Requirement: Virtualization
- Hypervisor transposes device from host address space to VM address space
- IOMMU only accounts for DMA translation
- Virtualization required for:
- Mapping device MMIO and I/O port resources
- Translating interrupt address spaces
- Topology translations
- External dependencies
PCI Resource Mapping
PCI BARs
- Describes resource type and features
- MMIO vs I/O port, 32-bit, caching, etc
- Exposes resource size
- Locates resources within address space…
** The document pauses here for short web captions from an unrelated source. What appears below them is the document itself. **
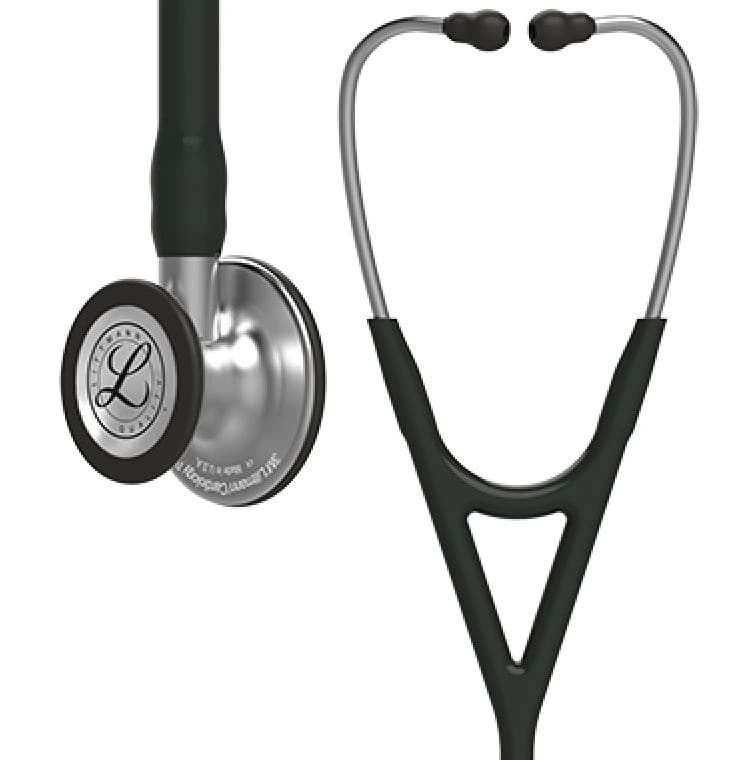 3M Littmann Cardiology IV Stethoscope, Adult/Child, Black, Double Lumen Tubing - Stethoscope Littmann Card IV - Image 1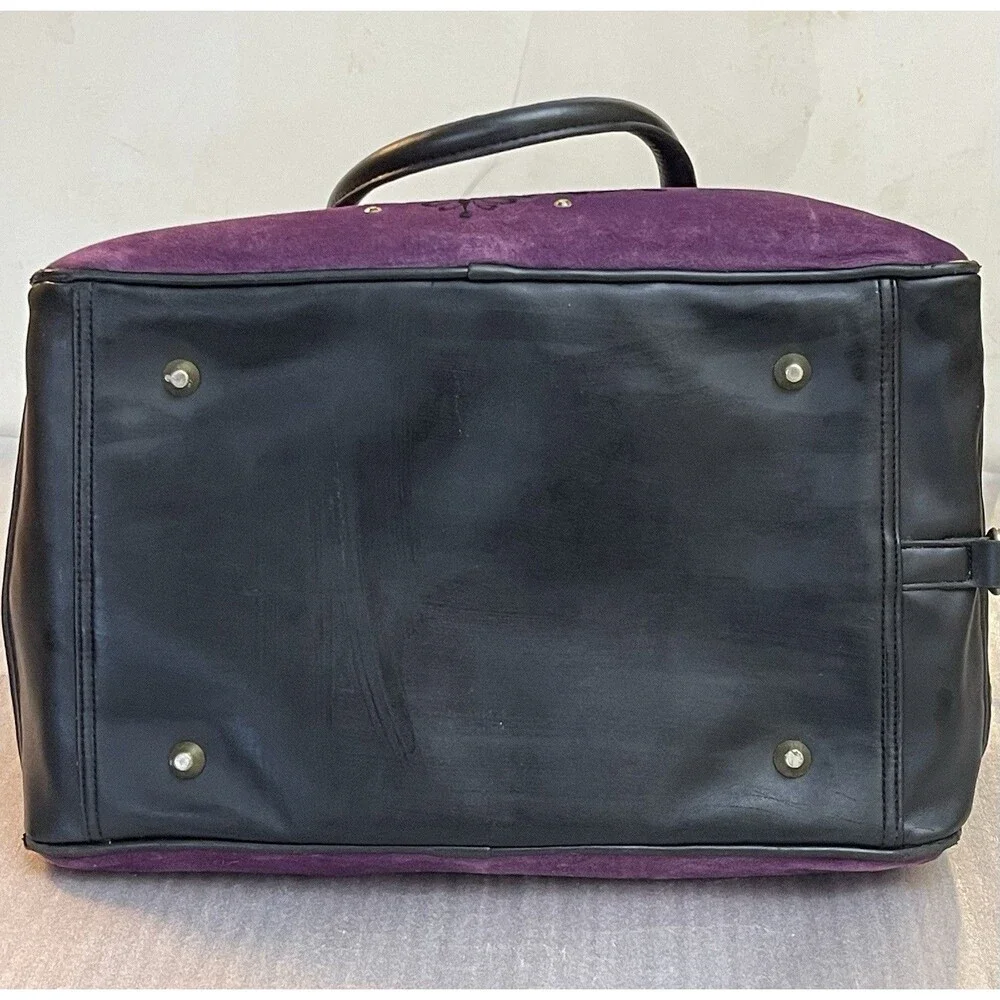 Pet Carrier Juicy Style Royalty Purple Velour Gold Mesh Small Dog Cat Travel Bag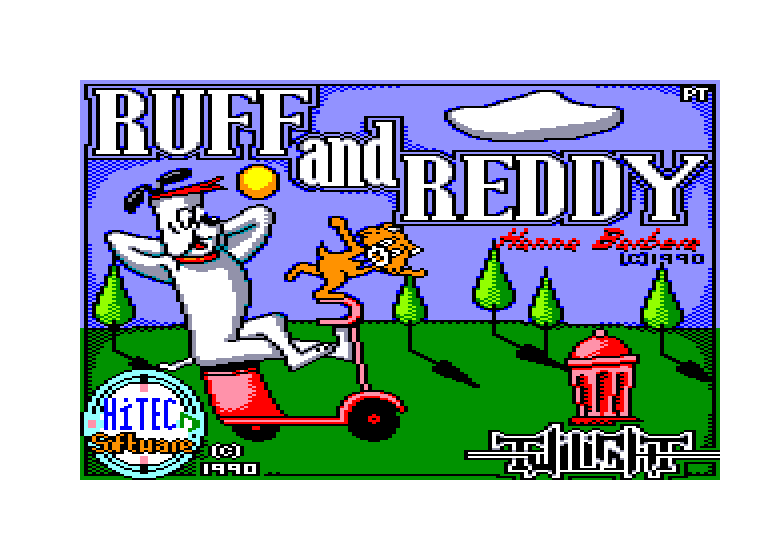 screenshot of the Amstrad CPC game Ruff And Reddy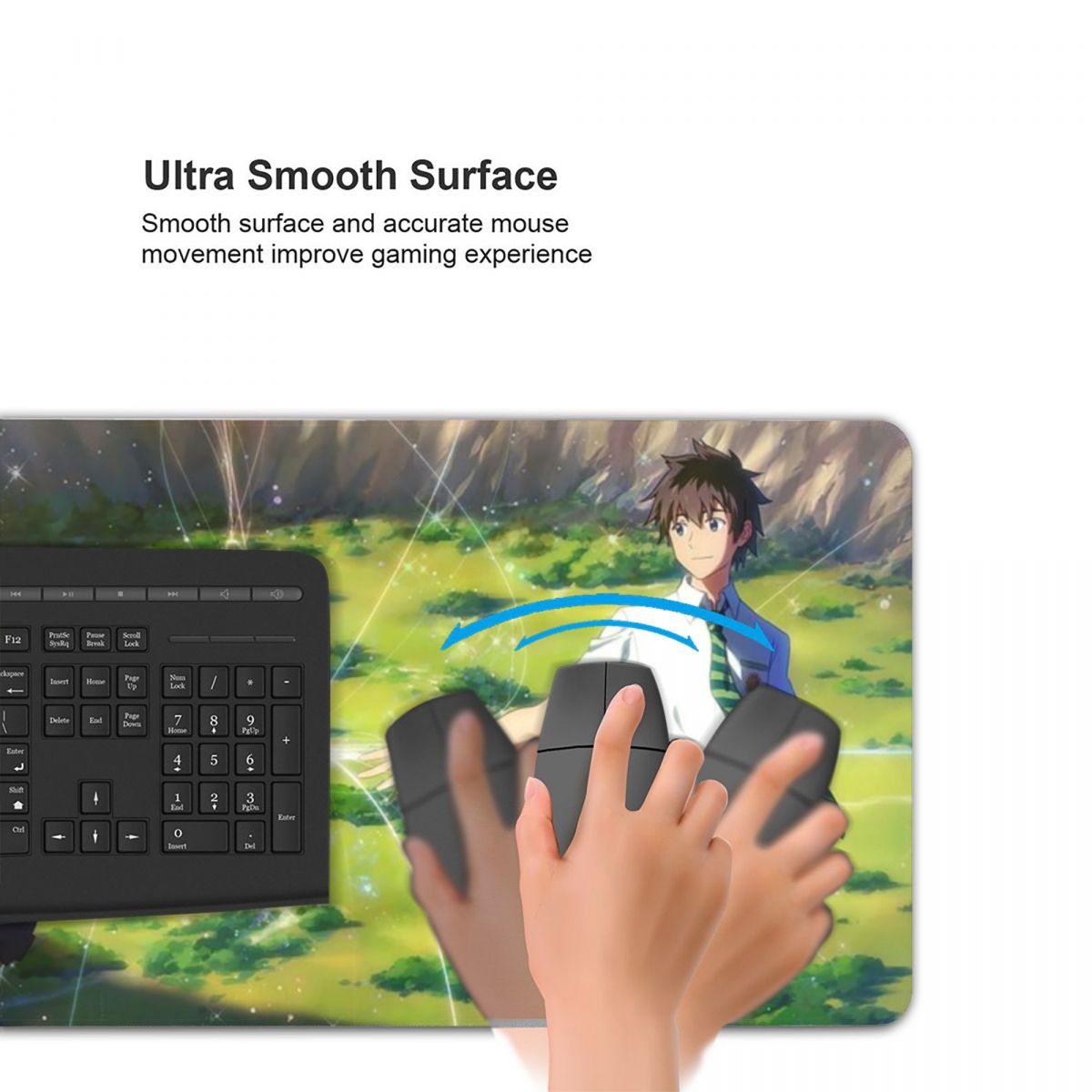 Tappetino per mouse grande con - Gaming Keyboard Name recensione e prezzo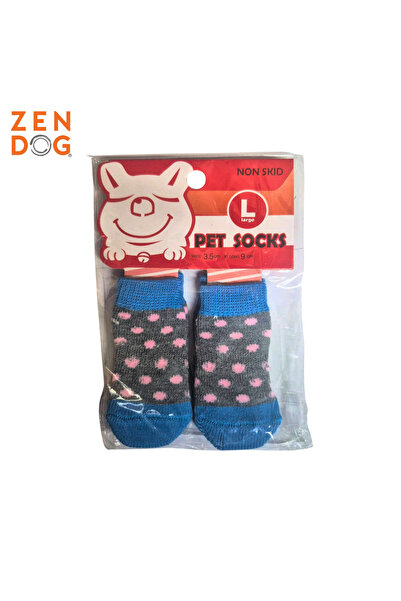 ZENDOG جوارب ZEN DOG مضادة للانزلاق للكلاب مقاس L - أنماط متنوعة - عبوة مكونة...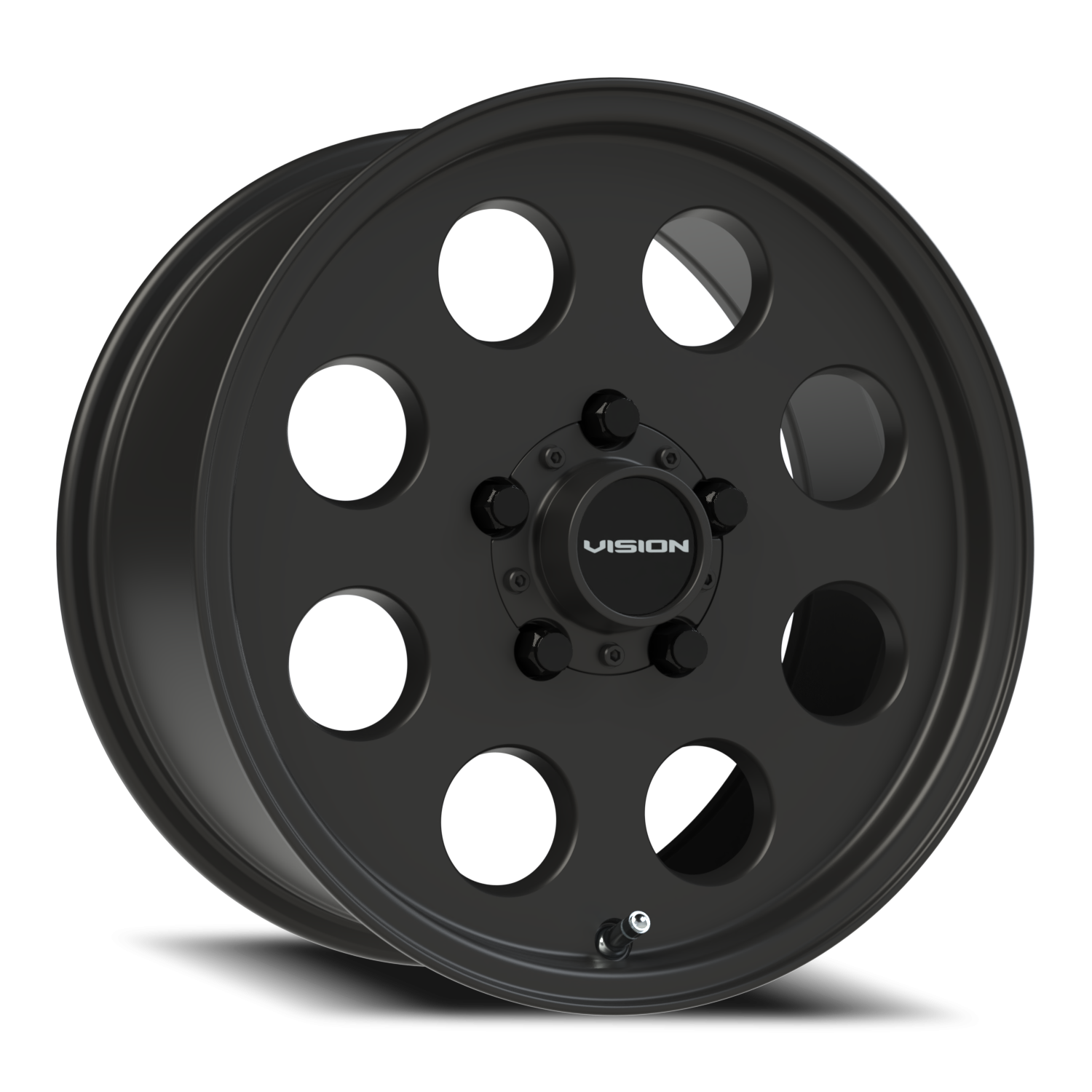 Vision Midway 15X7 Satin Black Wheel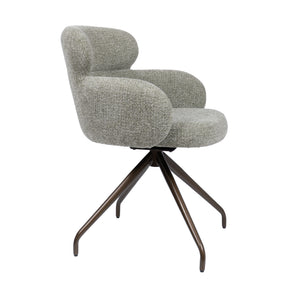 HelloChair HC22 Akin eetkamerstoel Milan Leaf spinpoot anodic brown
User cannot relocate physical resource,
BARs must be virtualized and mapped
into VM address space
PCI BAR Virtualization
- Pass-through type and feature bits
- Emulate BAR sizing interface
- Map resources into VM address space
- Host resource address remains static
Emulate the standard programming
model defined by PCI
Except…
Is PCI configuration space the only
way to access these registers?
Config Space Backdoors
- PCI defines the configuration address
space and register definition
- Register implementation is not defined
- Implementations may expose configuration
space registers via multiple address spaces
Example Backdoors
- Config space mirrors in MMIO BAR spaces
- Window/data registers to config space
through I/O port BARs
- VGA register hooks to BAR offsets
Result: PCI config space virtualization is not sufficient for all devices
Needed:
Infrastructure for virtualizing config space registers across all address spaces
Our first quirk…
VFIOQuirks
- QEMU-based quirks
- Infrastructure within VFIOPCIDevice
for handling device specific quirks
- Helpers to facilitate common mirrors
and windows to PCI config space
- Extensive use of MemoryRegions
- VFIOQuirks are sub-regions within
the default region mapping
Problem solved?
- KVM maps MMIO at PAGE_SIZE granularity
- Any quirk within an otherwise directly mapped
page traps the entire page through QEMU
What other registers reside within the page?
Case Study: NVIDIA
- MSI “ACK” required to retrigger interrupt
- MMIO write through BAR0 config mirror
- Increases MSI re-triggering latency
(partially addressed with ioeventfd handling)
But device resource mappings are not the only ranges needing virtualization…
Interrupt Address Space
Message Signaled Interrupts (MSI) trigger by writing pre-programmed data to a pre-programmed address
Both of these require address space virtualization
MSI is entirely configured through PCI configuration space, already virtualized…
MSI-X
Address/Data specified per vector within
MMIO BAR resident vector table
MSI-X Vector Table
- Resides within MMIO BAR
- Requires address space translation
- Opportunities for backdoors
- Page size virtualization granularity
- No performance critical registers within
same page as MSI-X structures
- Some architectures use 64KB page size
MSI-X Vector Table Recommendations
- Use an exclusive BAR for MSI-X data structures
- Or, allow ample alignment of structures (64KB)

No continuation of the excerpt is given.